I have received updates from many of my agents about their current experience of the real estate market. Here is what they are telling me:
* The rental market is unusually hot. With a vacancy rate under 1%, there is almost no inventory. Rents are therefore high and opportunities scarce. There is a big backlog of rental customers waiting for appropriate properties.
* As is often the case, sales are the yin to rentals’ yang. The sales market is especially slow for smaller units, with substantial inventory build up in the studio, one, and two bedroom markets. Many of my agents reported negligible or no traffic at their week-end Open Houses for these properties, especially in midtown, Murray Hill, Kips Bay, and along the Second Avenue corridor on the Upper East Side.
* Over all, the agents continue to report that condition is a vital factor to making quick deals. Buyers throughout the market really want mint condition. And a well priced mint apartment is the only one likely to receive several bids today. Urgency has pretty much vanished from the buyer lexicon; they take their time. And nothing goes smoothly. It takes attorneys weeks to hammer out contract details. Deals still founder because of low appraisals. There have been many Board turndowns. As one of my agents put it, referring to colleagues, buyers and sellers, banks, closing department personnel: “Everyone is difficult and cranky.”
* There is little new inventory in the higher price points. Many buyers are waiting for the fall in the hopes that a number of new units will come to market. While no doubt some will, the last few seasons have NOT produced a big uptick in listings, and I doubt that we will see the market flooded with new properties come September. When new things DO come on, buyers are in no hurry to see them unless they perceive them to be priced right. But a large, well priced, well located apartment will attract a flurry of activity.

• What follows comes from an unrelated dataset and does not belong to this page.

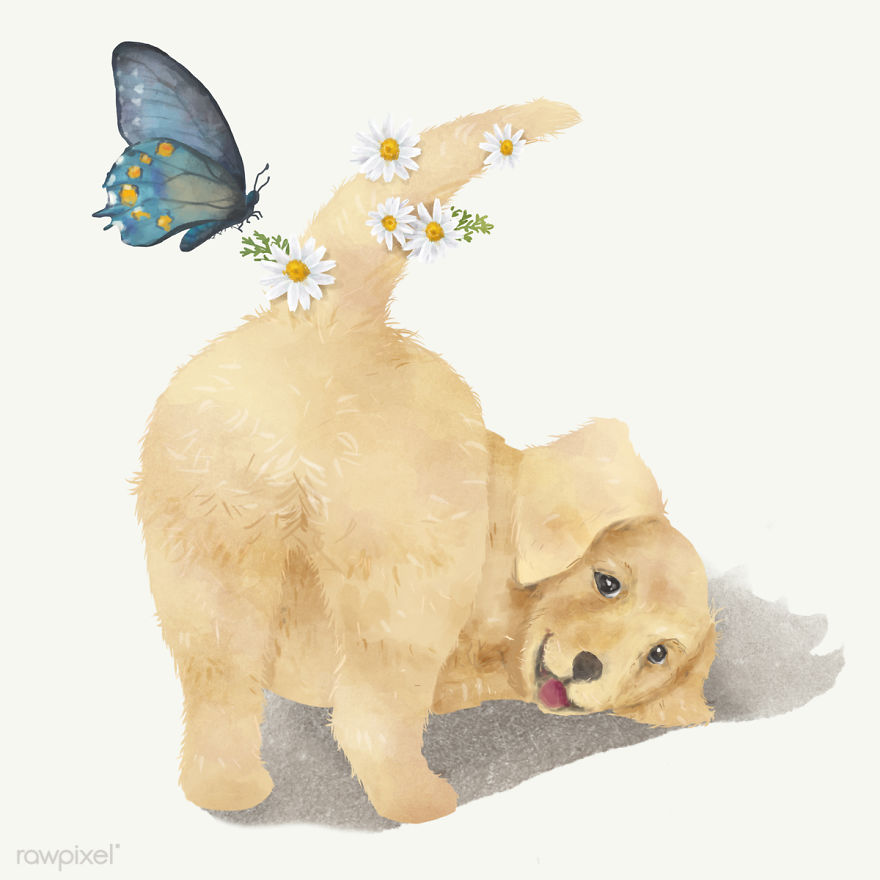 I Created Digital Drawings Of Adorable Animals And Made The Collection Free For One Week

* If a new listing does not sell in the first month, it needs a price reduction. And generally a price reduction must be 5% or more to be impactful. Sellers reluctant to lower their prices ask “Why don’t they just make offers?” Well, they don’t! All my agents agree that buyers want to see a reasonable asking price before they will make an offer or even schedule an appointment.
* Condos are performing better than co-ops. There is still substantial demand from foreign investors, although some are holding back because of apprehension about the Eurozone crisis. Condos tend to sell faster and for more money than co-ops on a price per square foot basis, even when the common charges and taxes are high, because the buyer pool is so much deeper.

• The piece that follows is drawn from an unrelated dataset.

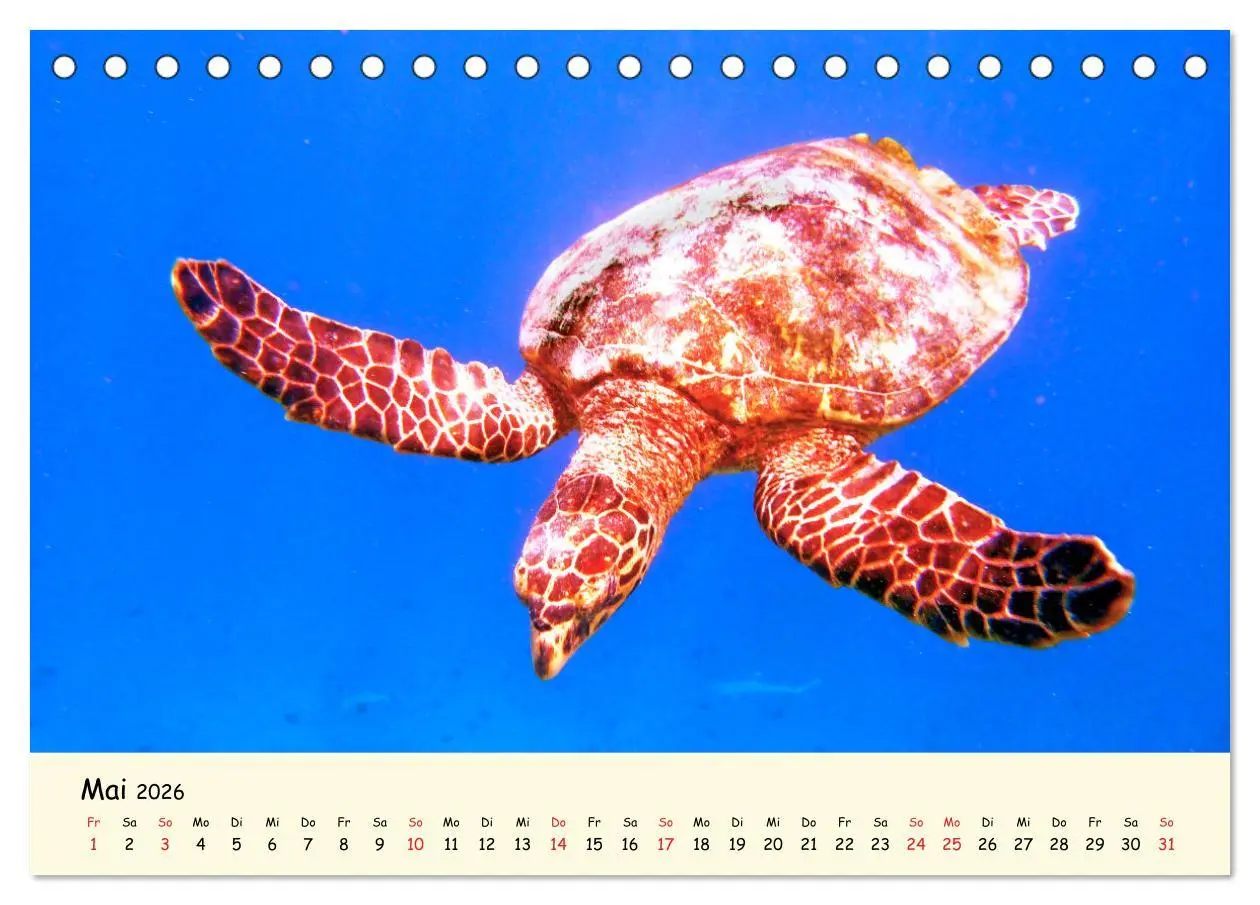 Bild: 9783516048995 | Faszination Meeresschildkröten (Tischkalender 2026 DIN A5 quer),...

* In Brooklyn, everyone wants a townhouse for a million dollars or less. Houses needing renovation come onto the market below a million in Windsor Terrace, in Prospect-Lefferts Gardens or Prospect Heights, even in Midwood and they get snapped up. There are always multiple offers on these properties. This part of the market is hot.
The market continues to behave very differently in different segments. The ultra luxury market remains strong, with a number of deals being signed in the last six weeks in excess of $20 million. The small co-op market is awash in inventory. The condo market, dependent on foreign investors, remains brisk for units of all sizes, even in the less gentrified sections of Harlem and Greenpoint. Inventory is thin for the six to ten room co-op market, or the 2,000 to 3,000 square foot loft market, but the buyers in this segment are still cautious and price sensitive. In fact, buyer price and condition sensitivity, a slow pace of negotiation and contract signings, and ongoing intense deal scrutiny on the part of Boards and banks are the trifecta of dominant realities in today’s New York real estate marketplace.